DEBATE

El lenguaje no es machista

Hay cosas que los hablantes pueden modificar, de manera inconsciente (la mayoría de las veces) y algunas por decisiones políticas. El problema surge cuando no hay ningún problema en la estructura del idioma, pero un grupo militante sí cree que lo hay y quiere cambiar, no ya un ítem lexical aislado (una palabra o expresión), sino una estructura gramatical o sintáctica.

Daniel Molina

Continuando las investigaciones de Michel Foucault sobre el poder y el saber, a comienzos de 1977 Roland Barthes escribió: “El poder está presente en los más finos mecanismos del intercambio social: no solo en el Estado, las clases, los grupos, sino también en las modas, las opiniones, los espectáculos, los juegos, los deportes, las informaciones, las relaciones familiares y privadas, y hasta en las fuerzas liberadoras que tratan de impugnarlo: llamo discurso de poder a todo discurso que engendra la falta en el otro, y por ende genera culpabilidad en el que lo padece”. Barthes agrega la razón por la que el poder está en todas partes: “La razón de esta esta ubicuidad es que el poder es el parásito de un organismo transocial, que está ligado a toda la historia humana, no solamente a la política; ese objeto en el que se inscribe el poder es el lenguaje”.

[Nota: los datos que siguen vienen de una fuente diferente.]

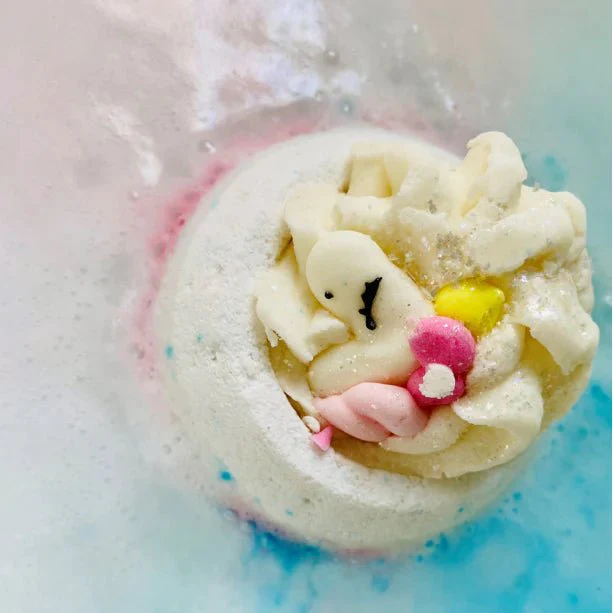 Bomb Cosmetics Unicorns & Halos Bath Blaster - Image 2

Ya lo había dicho Román Jakobson cuando clasificó las lenguas: un idioma se caracteriza menos por lo que permite decir que por lo que obliga a decir. Cada lengua crea un mundo distinto. En el francés y en el inglés (entre muchos otros idiomas) se está obligado a enunciar siempre el sujeto y eso da la idea que lo que se hace es una consecuencia de la persona que lo hace. La acción no es más que un atributo del sujeto. En castellano no existe esa norma. El sujeto puede invertirse, ir al final y en el uso cotidiano, incluso, lo más común es que el sujeto se borre de la enunciación. 

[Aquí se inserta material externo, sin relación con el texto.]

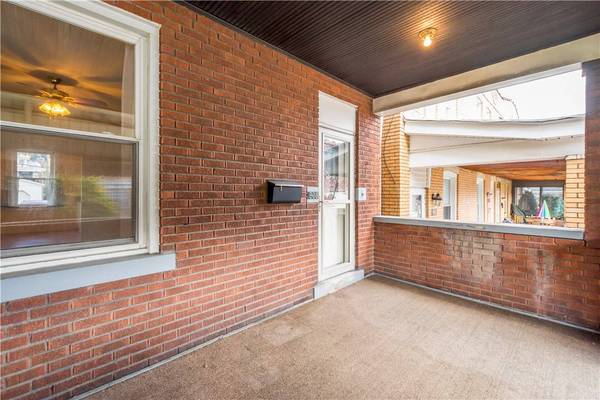 908 Broadway Ave, Stowe Twp, PA 15136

Las lenguas son obligatorias para los hablantes y no pueden ser modificadas por los individuos. A lo sumo un grupo social con mucho poder político y prestigio social puede modificar el uso de una palabra o una expresión (por ejemplo, hace un siglo se comenzó a usar “mogólico” como sinónimo despectivo de tonto o imbécil; y hace unos 20 años se comenzó a ver mal ese uso), pero no hay casos comprobables de que grupo social pueda cambiar conscientemente las reglas gramaticales, que son las que hacen que una lengua pueda ser comprensible.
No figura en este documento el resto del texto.